Scraped caption text data:
--
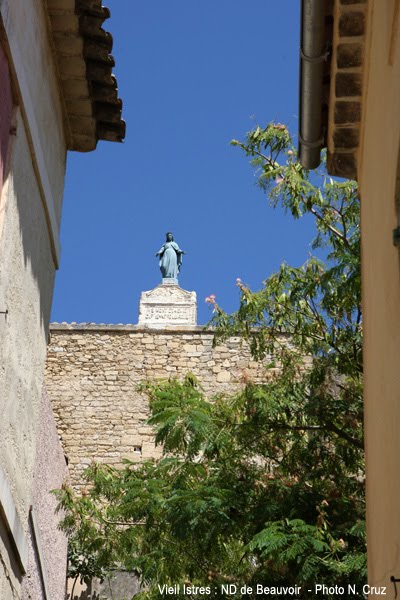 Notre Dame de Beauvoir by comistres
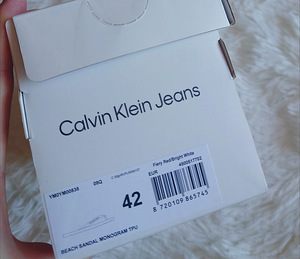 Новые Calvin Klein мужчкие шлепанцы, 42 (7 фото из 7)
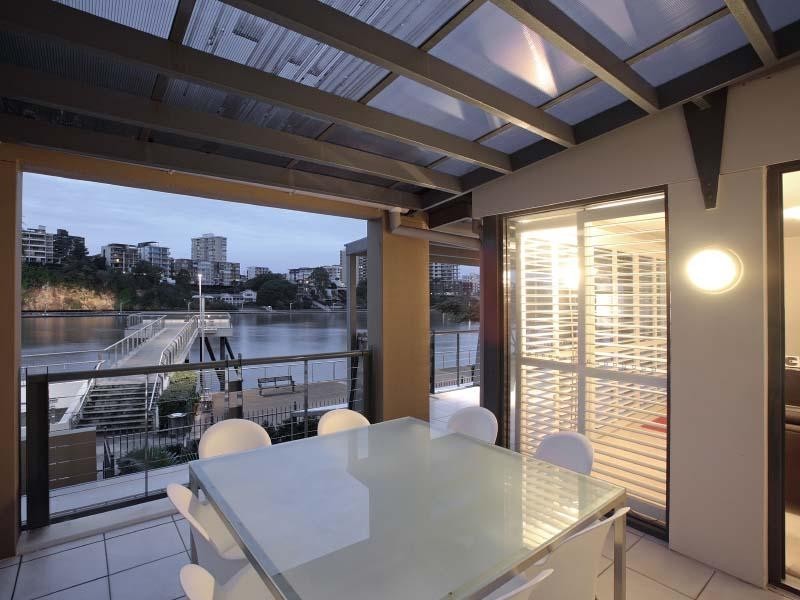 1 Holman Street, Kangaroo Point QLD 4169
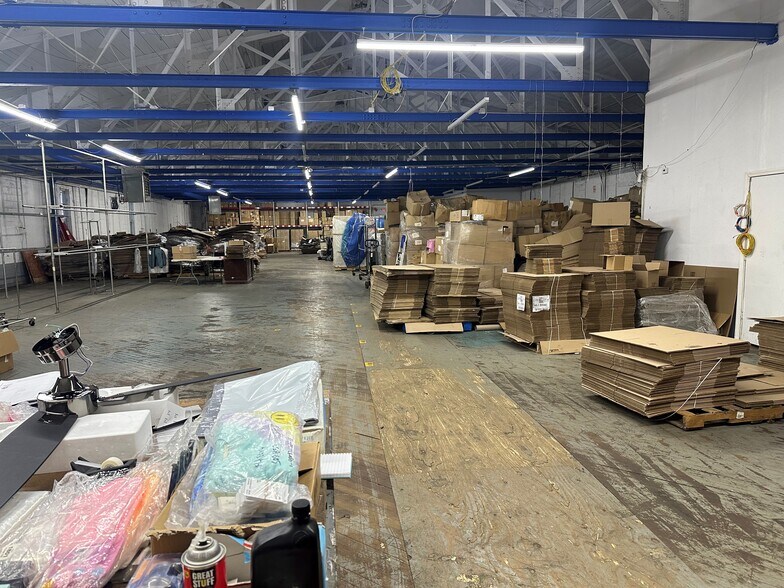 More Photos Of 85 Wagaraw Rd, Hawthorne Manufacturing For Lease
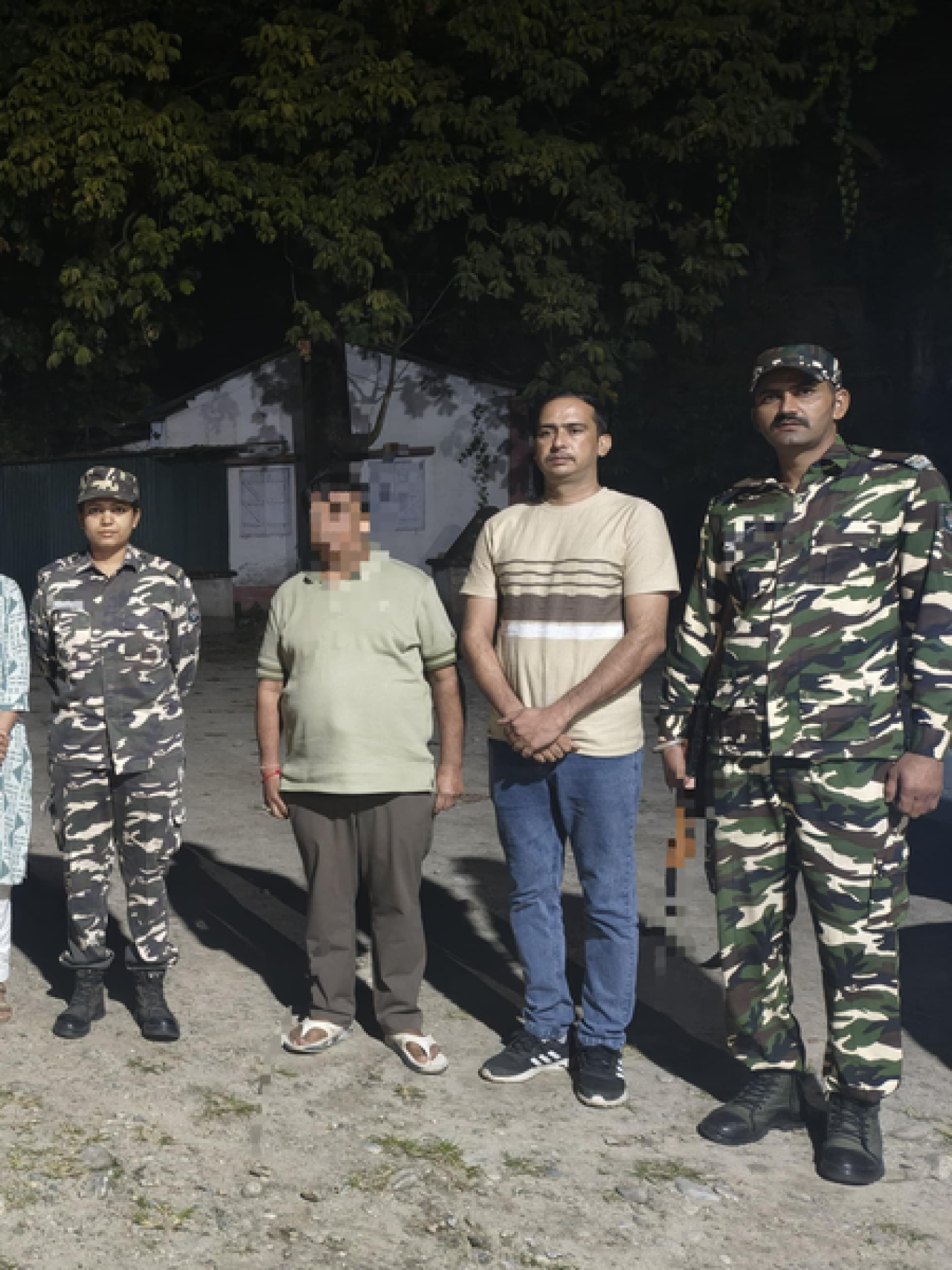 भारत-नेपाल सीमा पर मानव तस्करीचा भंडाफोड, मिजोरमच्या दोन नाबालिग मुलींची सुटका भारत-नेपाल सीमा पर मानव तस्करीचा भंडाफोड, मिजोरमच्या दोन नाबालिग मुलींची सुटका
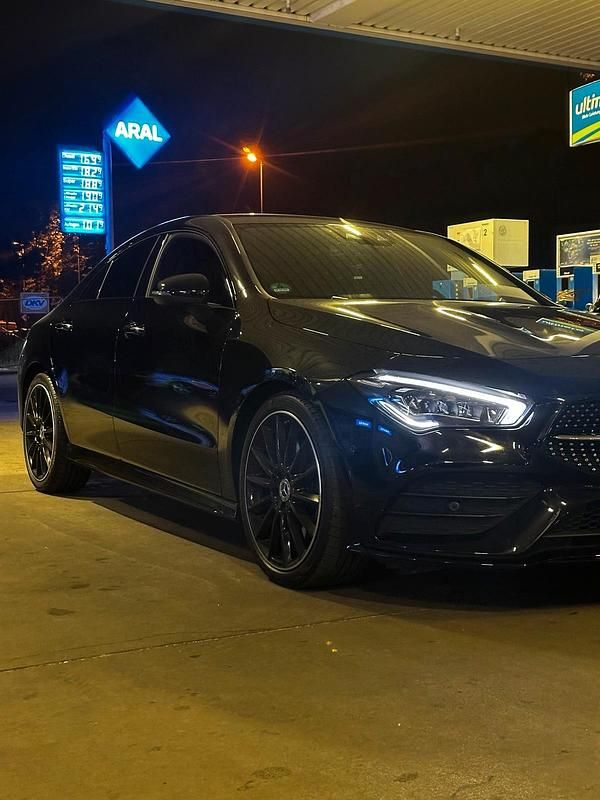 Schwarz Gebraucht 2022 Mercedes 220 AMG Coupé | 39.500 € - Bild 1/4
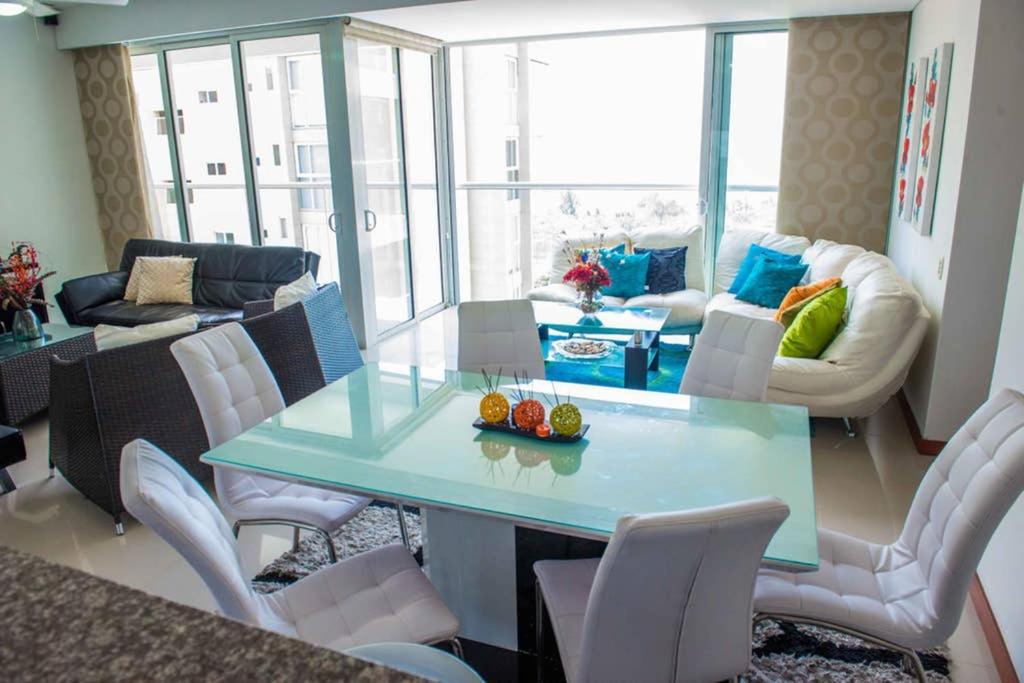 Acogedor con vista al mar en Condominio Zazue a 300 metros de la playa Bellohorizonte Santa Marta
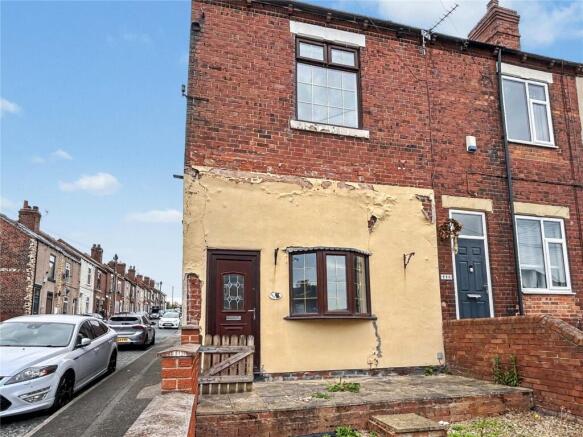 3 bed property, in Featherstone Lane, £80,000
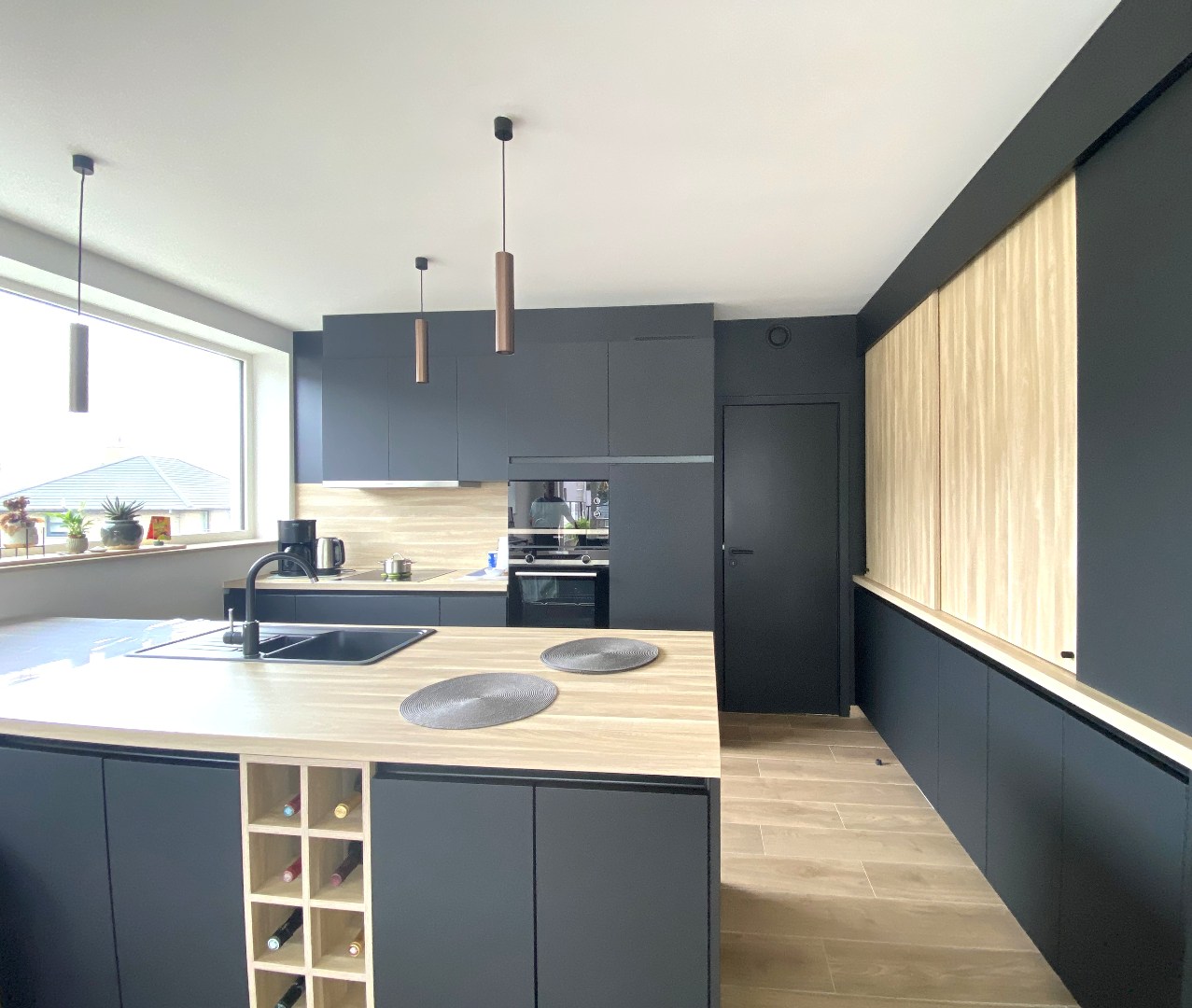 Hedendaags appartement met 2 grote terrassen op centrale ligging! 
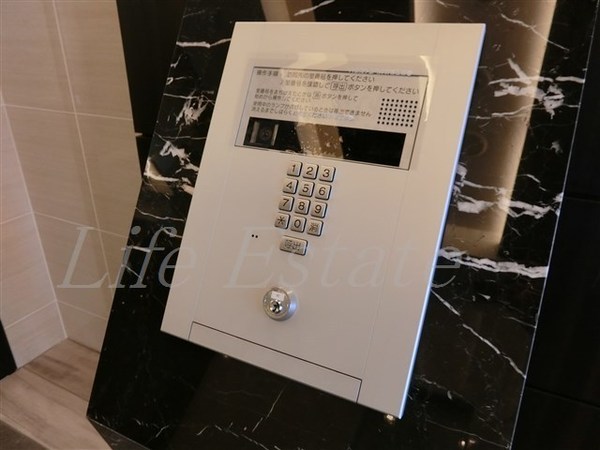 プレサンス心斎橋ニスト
--
▶ _Description of the task_: Only the lines from the one that contains "Schwarz Gebraucht 2022" through the last line of the records may appear in the answer, retyped exactly and with no pictures.

▶ _Completed exercise_:
 Schwarz Gebraucht 2022 Mercedes 220 AMG Coupé | 39.500 € - Bild 1/4
 Acogedor con vista al mar en Condominio Zazue a 300 metros de la playa Bellohorizonte Santa Marta
 3 bed property, in Featherstone Lane, £80,000
 Hedendaags appartement met 2 grote terrassen op centrale ligging! 
 プレサンス心斎橋ニスト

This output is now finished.